* Problem
Transcribe the entries below exactly, starting with the line that has "Royal Icon Baby" and stopping after the line that has "A Retro 14K Yellow Gold Watch"; no pictures belong in the copy.

* Data to examine
• • • •
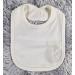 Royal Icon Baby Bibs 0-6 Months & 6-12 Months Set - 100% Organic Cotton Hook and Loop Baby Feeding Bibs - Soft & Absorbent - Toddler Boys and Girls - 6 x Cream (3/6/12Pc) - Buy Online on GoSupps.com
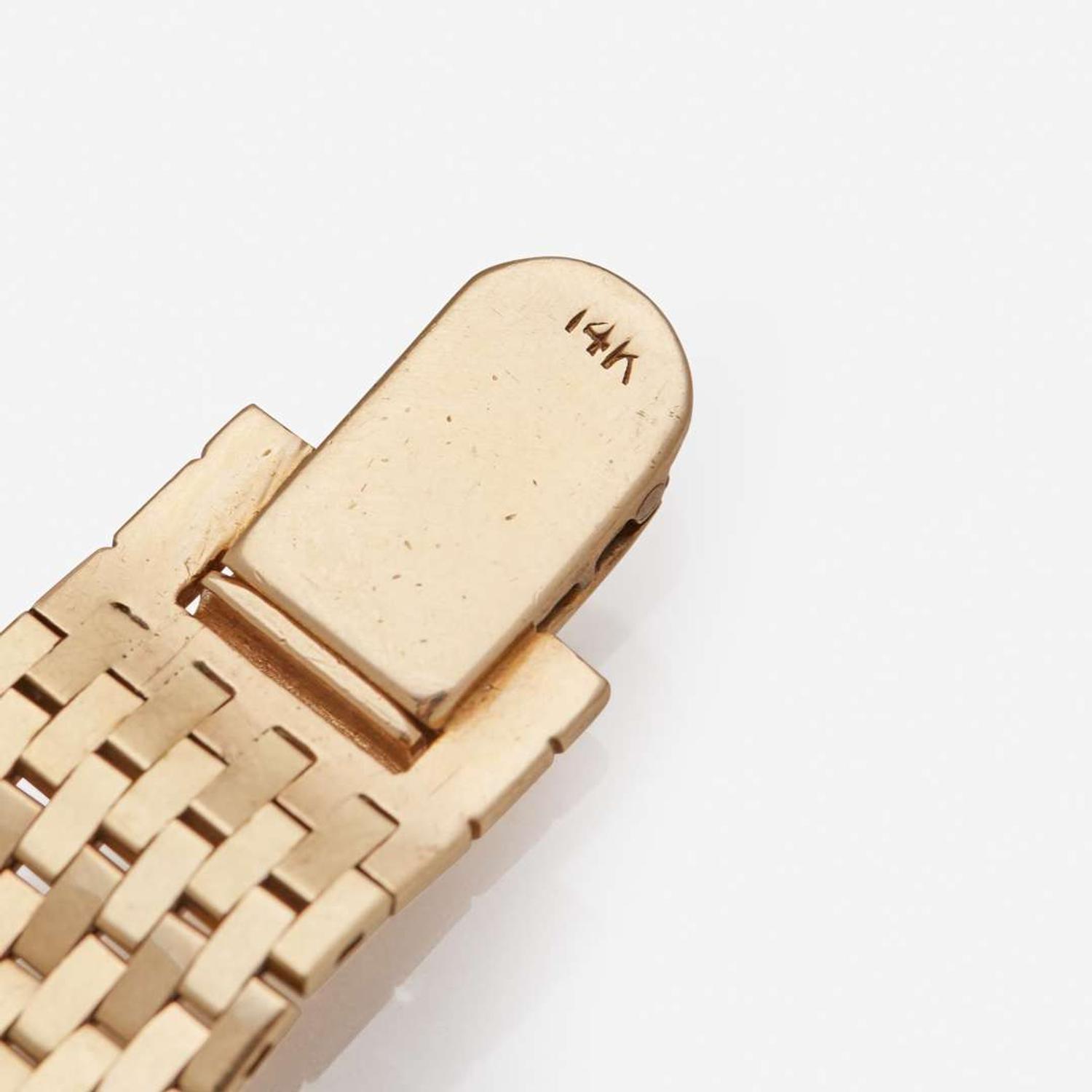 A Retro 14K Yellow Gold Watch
• • • •
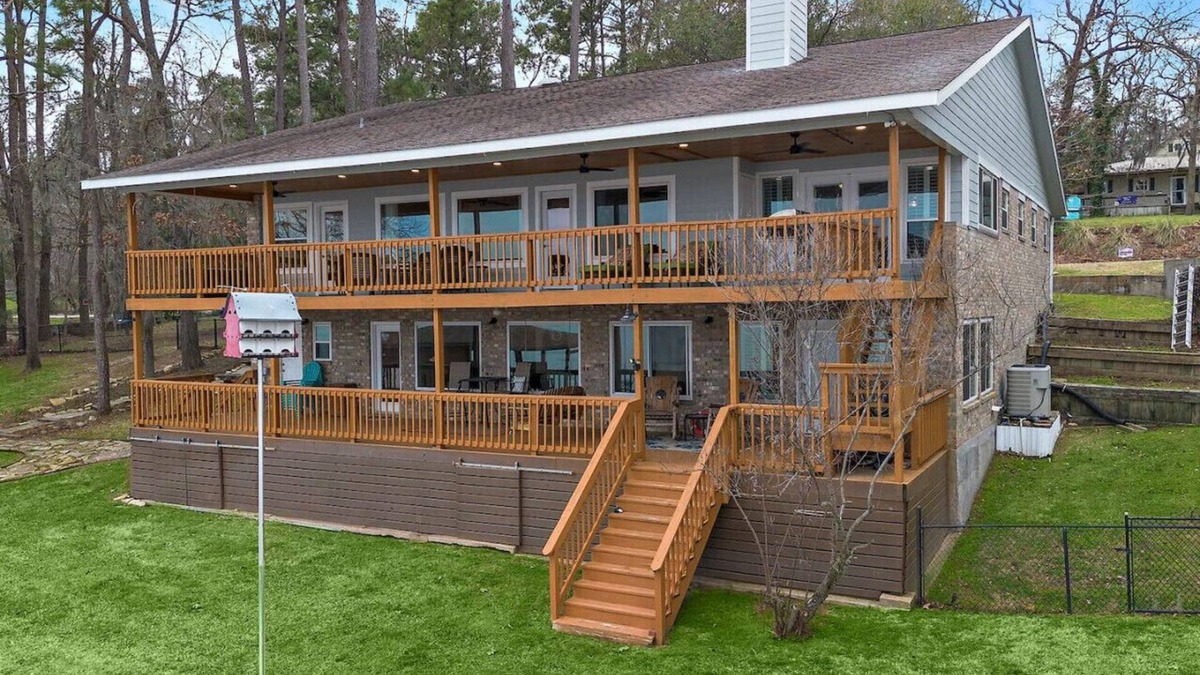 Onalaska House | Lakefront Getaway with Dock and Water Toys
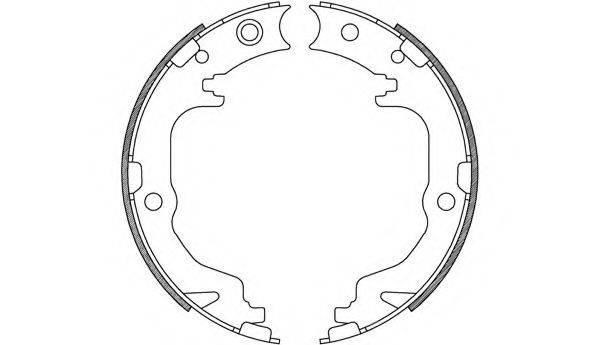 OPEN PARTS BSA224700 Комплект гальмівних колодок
• • • •
* Result
 Royal Icon Baby Bibs 0-6 Months & 6-12 Months Set - 100% Organic Cotton Hook and Loop Baby Feeding Bibs - Soft & Absorbent - Toddler Boys and Girls - 6 x Cream (3/6/12Pc) - Buy Online on GoSupps.com
 A Retro 14K Yellow Gold Watch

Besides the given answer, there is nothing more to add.